Ebenso unterhaltsam sind Janelle Monáes neue Songs, mit denen sie sich bei aller Vergangenheitsverliebtheit um einen modernen Sound bemüht. So schraubt sich etwa das Titelstück von „The Electric Lady“ – mit Beyoncés kleiner Schwester Solange als Gastsängerin – aus einem lockeren Synthie- und Synkopengroove in eine blühende Bläserbreitwand-Fantasie hinein, ohne dass es angestrengt erscheint. Eine Stärke, mit der Monáe noch nicht besonders in Erscheinung getreten ist, sind die Balladen: Um den Schmachtfetzen „Primetime“ wird sie Rihanna mit Sicherheit beneiden, genau wie um die Idee, das Ganze mit dem nachgesungenen „Uhuhu“-Jaulen aus „Where Is My Mind?“ der Pixies zu unterlegen.

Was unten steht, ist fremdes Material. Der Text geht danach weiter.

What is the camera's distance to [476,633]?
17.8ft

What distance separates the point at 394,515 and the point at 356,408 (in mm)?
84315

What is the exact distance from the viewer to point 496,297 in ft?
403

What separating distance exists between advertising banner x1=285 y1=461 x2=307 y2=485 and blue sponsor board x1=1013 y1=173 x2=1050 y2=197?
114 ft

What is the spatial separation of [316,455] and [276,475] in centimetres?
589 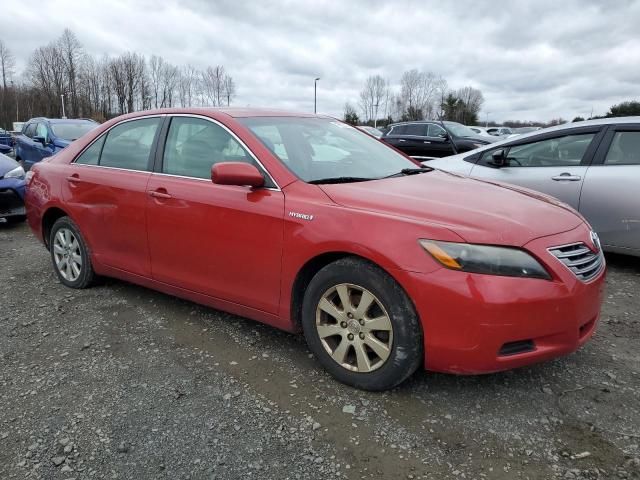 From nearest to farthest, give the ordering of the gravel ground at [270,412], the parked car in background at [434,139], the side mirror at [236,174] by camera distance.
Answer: the gravel ground at [270,412] < the side mirror at [236,174] < the parked car in background at [434,139]

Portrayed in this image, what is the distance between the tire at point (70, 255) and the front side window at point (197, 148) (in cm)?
124

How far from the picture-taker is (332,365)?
9.21 feet

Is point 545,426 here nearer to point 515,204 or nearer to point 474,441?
point 474,441

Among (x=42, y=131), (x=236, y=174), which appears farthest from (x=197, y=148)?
(x=42, y=131)

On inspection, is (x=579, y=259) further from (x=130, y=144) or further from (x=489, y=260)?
(x=130, y=144)

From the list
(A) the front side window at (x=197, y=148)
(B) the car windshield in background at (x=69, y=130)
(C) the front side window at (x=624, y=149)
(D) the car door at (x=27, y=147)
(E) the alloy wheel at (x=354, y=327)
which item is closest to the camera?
(E) the alloy wheel at (x=354, y=327)

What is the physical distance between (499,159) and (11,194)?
6.35 meters

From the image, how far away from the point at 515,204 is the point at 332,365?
1.34 m

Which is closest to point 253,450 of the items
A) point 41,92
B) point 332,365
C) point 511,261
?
point 332,365

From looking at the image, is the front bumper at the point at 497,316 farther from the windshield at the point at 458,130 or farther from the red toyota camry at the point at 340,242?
the windshield at the point at 458,130

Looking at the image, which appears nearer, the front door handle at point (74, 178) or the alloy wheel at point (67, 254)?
the front door handle at point (74, 178)

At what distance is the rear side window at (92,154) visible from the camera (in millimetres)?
4156

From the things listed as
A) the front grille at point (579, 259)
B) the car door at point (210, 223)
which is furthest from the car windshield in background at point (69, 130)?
the front grille at point (579, 259)

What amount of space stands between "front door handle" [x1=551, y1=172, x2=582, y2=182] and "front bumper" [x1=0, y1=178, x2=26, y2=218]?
22.1 feet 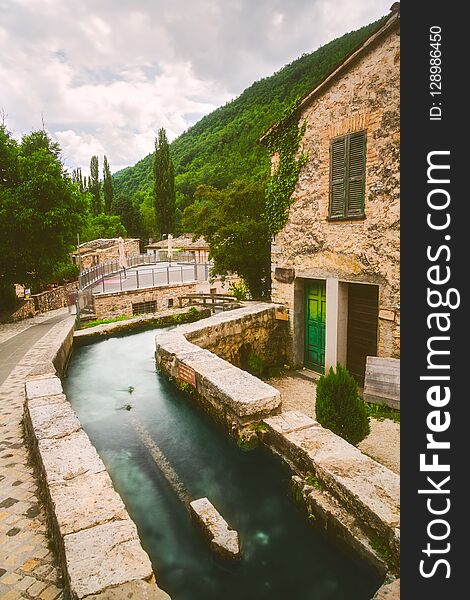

In „Can’t Live Without Your Love“ kommt die Modulationsfähigkeit von Monáes Stimme besonders gut zur Geltung. Hier sowie im Duett mit der großartigen Esperanza Spalding mischen sich einige jazzige Momente in die Produktion, die deutlich besser hineinpassen als die gelegentlichen Pseudo-Prince-Gitarren-Soli.

Das Einzige, was dem spektakulären Kreativfeuerwerk von „The Electric Lady“ fehlt, ist ein sofort einleuchtender Hit. Am ehesten kommt dafür noch das zackige, mit seinen feinen Orgel- und Ukuleleakzenten versehene „Dance Apocalyptic“ infrage. Es klingt ein wenig, als hätten Outkast versucht, einen Motown-Song aufzunehmen. Monáe listet im Booklet Michael Jackson und Bo Diddley als Inspirationsquellen auf. Jedem ihrer 16 referenzreichen Stücke stellt sie eine solche kurze Erklärung voran, und schon für eine Formulierung wie „Inspiriert von der Idee, dass Ennio Morricone mit Duke Ellington Karten spielt“, muss man sie lieben. Ob das das Zeug ist, das die Leute wollen? Egal, es ist tolles Zeug.

„The Electric Lady“ ist bei Warner erschienen.